Las olas rompen con decisión a escasos metros de la orilla. Parece como si los dioses ordenaran el paisaje cada mañana, porque siempre es bello y hermoso, salvaje y civilizado, explosivo y apacible. Los gorriones entonan sus cánticos mientras las gaviotas planean a escasos metros de un agua salada y fresca. Si Serrat escribió Mediterráneo, seguro que lo hizo pensando en un lugar así. Un paradero desconocido, escondido, donde no encontraría inconveniente alguno Julio Iglesias para casarse vestido de lino blanco.
Es huída, provocación, éxtasis, locura, paz y belleza. Las playas de Mazarrón tienen un gran ‘cocktail‘ de ingredientes que pueden fascinar a cualquiera que desee visitarlas, porque lo atrapan en una burbuja donde no existe nada más que relajación y olvido. El que escribe da fe de ello, pues me encuentro en Bolnuevo, una playa kilométrica en la que sólo se puede apreciar, a lo lejos, a un pequeño grupo de personas que disfrutan del sol. Hay zonas en las que la arena se mezcla con piedras, y otras en las que es fina como la sal. Y las olas se destrozan ellas solas mientras solo se escucha la voz del viento. Una brisa tierna que no hace más que acariciar este invierno frío y atrevido.
Detrás de mí se encuentra ‘La Ciudad Encantada’. Un conjunto de rocas de tierra, situadas junto a una montaña, que llenan de expresividad el paisaje. Fue la naturaleza la que se encargó de dar forma a esas piedras. Una se muestra como una especie de champiñón gigante y la otra tiene forma de árbol sin ramas. Además se complementan con un precipicio de vértigo. Sin duda, es un lugar en el que podría rodarse perfectamente una película del oeste o un filme protagonizado por el mismísimo Jonnhy Depp. Pistoleros o piratas. ‘Dulcineas’ o ‘Donquijotes’. Da igual. Todos encajarían perfectamente.

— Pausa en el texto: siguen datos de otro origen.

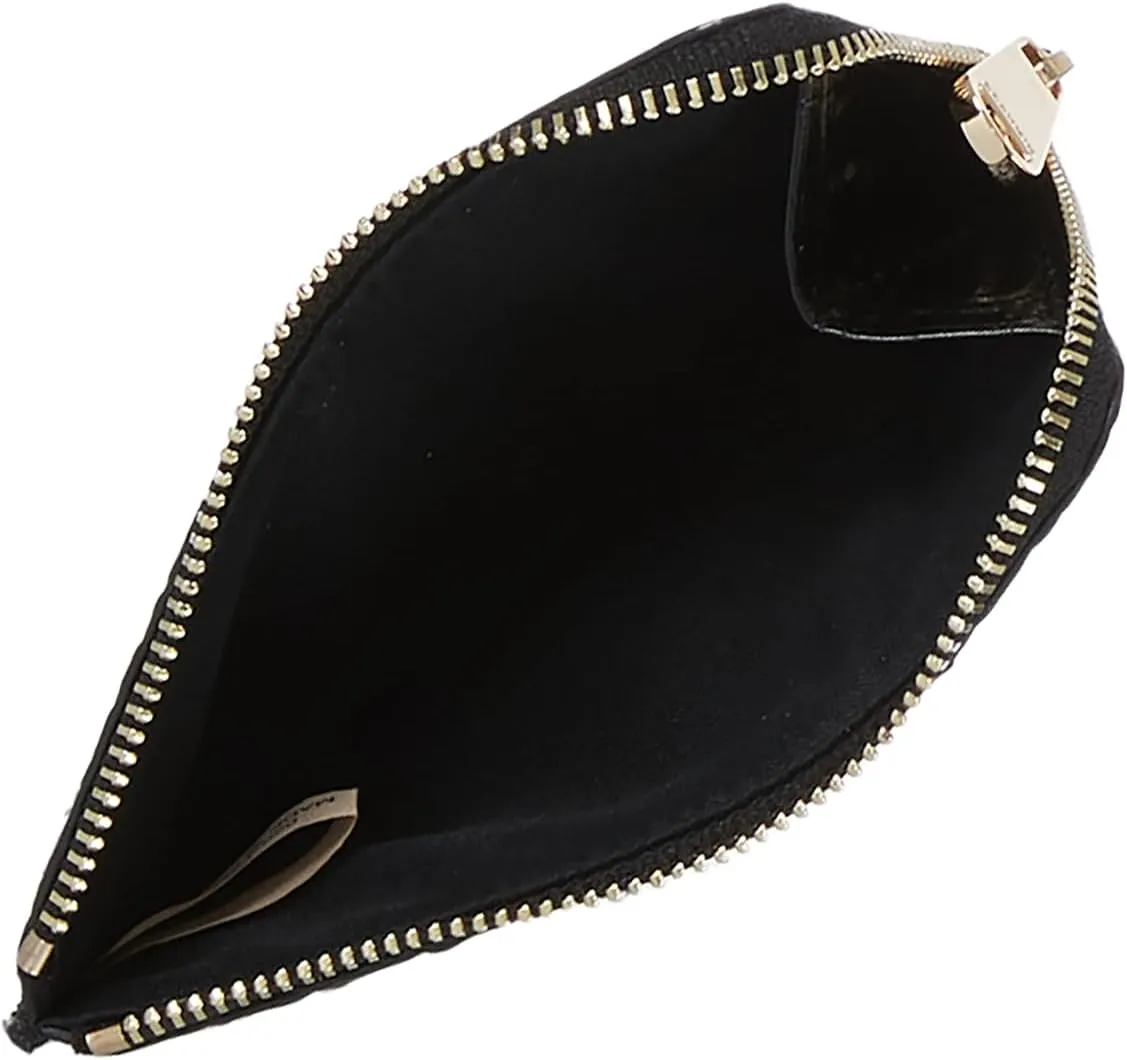 BRAHMIN Women's Lennon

Justo al extremo opuesto se encuentra Isla Plana, una playa que pertenece al término municipal de Cartagena y que colinda con La Azohía. Es tan característica que con tan solo bajar una pequeña montaña uno puede toparse con las llaves del mar. Abierto al mar. De cara al mar. De frente. Adentro. Lleno de un agua azul espirituosa que embalsama los sueños más profundos y prohibidos.
Ya lo dijo el carismático Paco Rabal. En una ocasión, aseguró que, junto a Águilas, “se encontraban las mejores playas de toda España”. Y es que el aguileño se inventó un personaje -que nunca figuró en escena- cuando rodó la serie Juncal. “Soy natural de Águilas y tengo un primo en Mazarrón”, decía José Álvarez ‘Juncal’.
Da igual que sea primavera, verano, otoño o invierno. Mazarrón siempre es un paraíso que sólo se aprecia cuando se contempla con los propios ojos. Es una tierra donde no hay relojes, el tiempo no existe y las esperas no son esperas, porque uno mismo gobierna sus movimientos y comportamientos. Solo mirar el mar merece la pena. Y después de haber visto con mis propios ojos cada día este paisaje indescriptible por su belleza, entiendo a Albert Camus cuando escribió “en lo más profundo del invierno, finalmente, aprendí que dentro de mí existe un verano invencible”. El mar que llevo dentro.